== TASK OBJECTIVE ==
Look through the material below and copy exactly the lines from the line with "T-shirt Angel of Style en orange : devant" to the line with "TUCSON 2.0 MPFI GLS Base 16V 143cv 2WD", those two lines included.

== PROVIDED ENTRIES ==
┌──

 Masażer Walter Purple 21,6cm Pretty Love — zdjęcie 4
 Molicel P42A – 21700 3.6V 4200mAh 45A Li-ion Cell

└──
┌──

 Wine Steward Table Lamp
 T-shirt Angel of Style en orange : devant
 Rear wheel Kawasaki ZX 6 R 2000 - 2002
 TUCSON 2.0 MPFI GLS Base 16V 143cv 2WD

└──

== TASK RESPONSE ==
 T-shirt Angel of Style en orange : devant
 Rear wheel Kawasaki ZX 6 R 2000 - 2002
 TUCSON 2.0 MPFI GLS Base 16V 143cv 2WD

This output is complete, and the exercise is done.